My parents arrived in Boston and rented a house around the corner. My mom and I took long walks, knit tiny sweaters and hats, I drank wine every night and climbed the stairs in the rental house over and over again. I made muesli, taught myself how to darn socks, disinfected our cutting boards. I brewed mug after mug of raspberry leaf tea and choked down handfuls of dates. I started responding to texts in emojis only, the little shrugging lady, or that face with its teeth in a hard, endless grimace. I dug out and sterilized my breast pump and leeched three ounces of yolk-slick colostrum into a small bottle, willing my uterus to do something, anything. In a last ditch effort, my OB swept my cervix (they attempt to detach the membranes of the baby’s sac from the walls of the uterus—this didn’t hurt, despite a friend’s midwife describing the experience “like being fingered by a 7th-grade boy”). Throughout it all, I felt nothing: no cramps, no telltale pressure, no ghostly contractions.
Truthfully, I knew all along that she was going to be late, which is an absurd thing to say, but I did. I was late, too, and I could simply sense that my own daughter was a stubborn, willful thing, that she would come on her own terms, or not at all.
We were scheduled for an induction on a Monday, 11 days after our due date. We were told Labour & Delivery would call us that morning. I slept for 20 minutes or so, maybe, on Sunday night. Mostly I paced, stretched, looked around the guest room-turned-nursery where I’d been sleeping (or not sleeping) for most of the pregnancy, my body a litany of anxieties.
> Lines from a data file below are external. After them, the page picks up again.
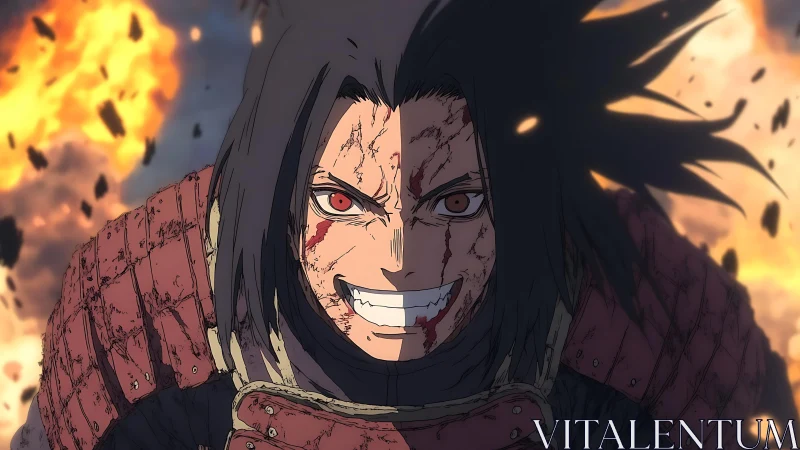 Battle-scarred warrior grinning amid explosive chaos.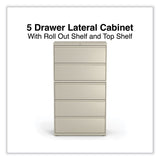 Alera® Lateral File, 5 Legal/Letter/A4/A5-Size File Drawers, Putty, 36" x 18.63" x 67.63" (ALEHLF3667PY)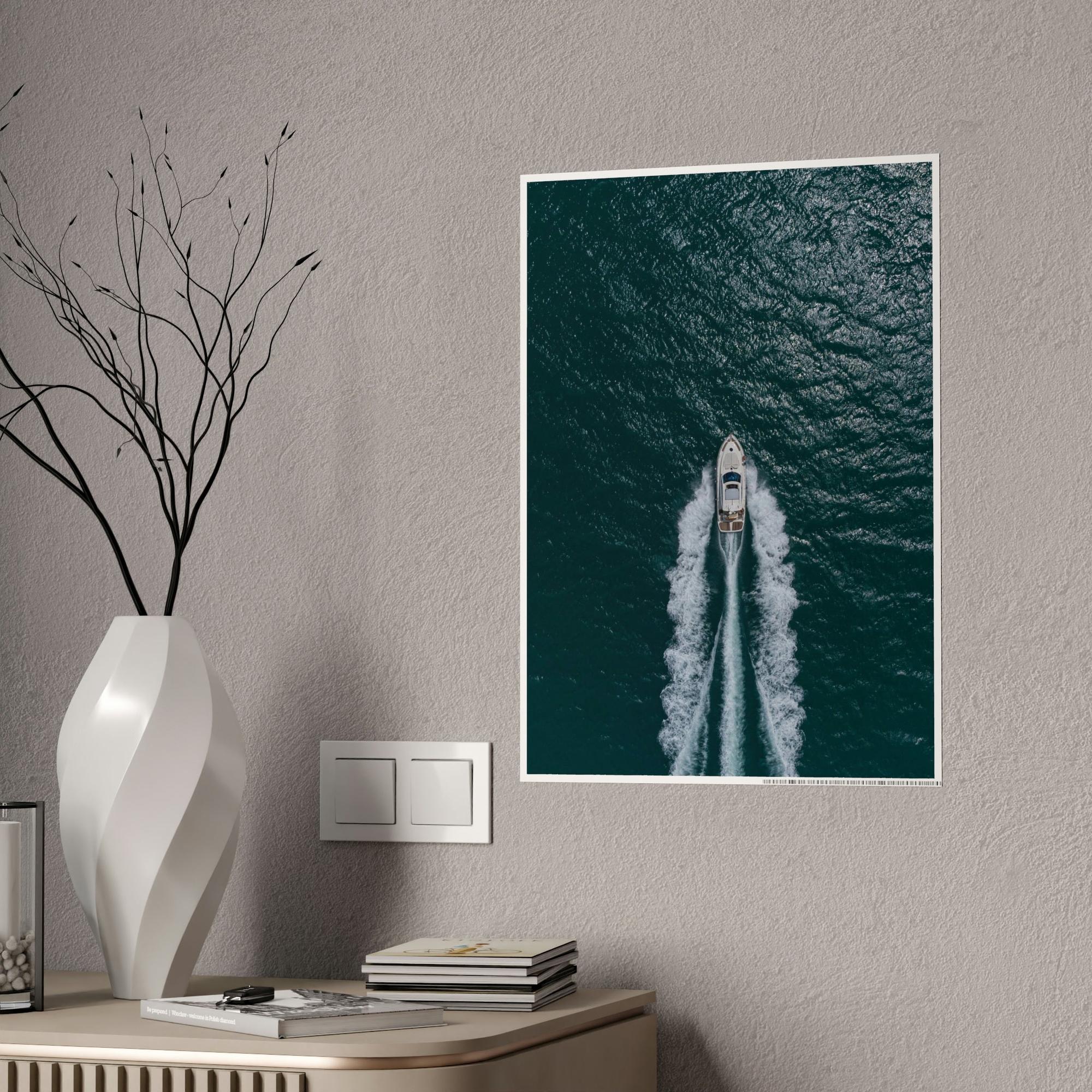 Boats Modern Boat Art: Contemporary Print on Canvas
When the phone rang around 8am, I was wide-eyed and jittery.
“We know you’re scheduled for an induction today,” the nurse said apologetically, “but we’re actually full right now.”
They had overbooked. They were looking for people who could give up their seats in exchange for a voucher. No stools at the bar, no room at the inn.
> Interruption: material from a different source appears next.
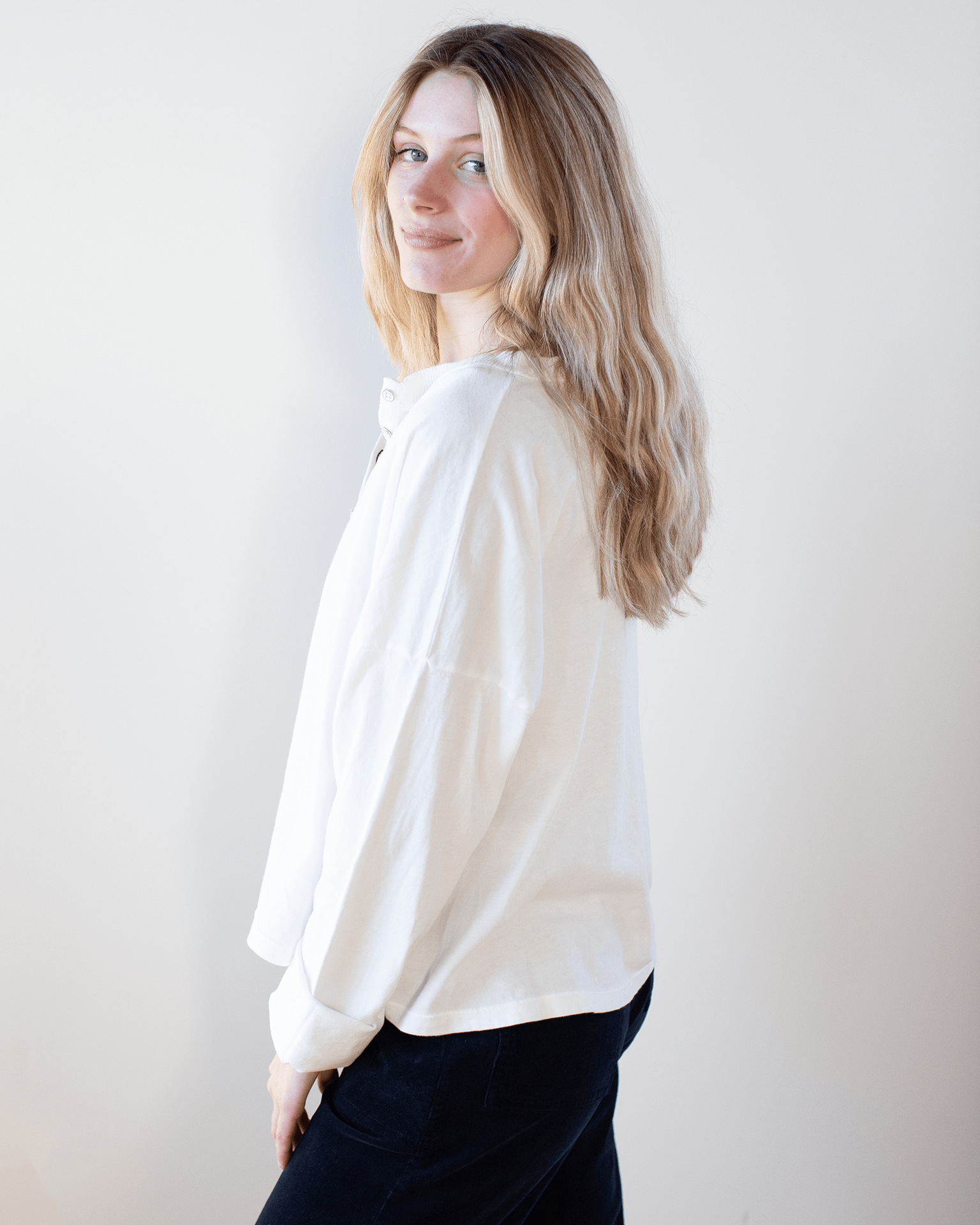 ASKK NY Oversized Henley in Ivory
My phone was buzzing with messages from well-meaning friends: “Today’s the big day!” “We’re thinking of you!” “You’ll be amazing!”
I started to cry.
We had to go back to the hospital for another ultrasound: there she was, immutable. Full marks, A+ baby, all looks fine. We’ll give you a call when there’s room, no rush. I could feel her lazily spinning and stretching. I looked almost aggressively pregnant. It was embarrassing, how my body refused to yield.
“Everyone else gets a baby!” I wailed at Vic in the car, a kid who had been promised ice cream and was then told they’d have to wait. “I want MINE!”
If my purpose through this whole pregnancy had been to keep this baby safe, I had done it, and done it well. I was now just showing off.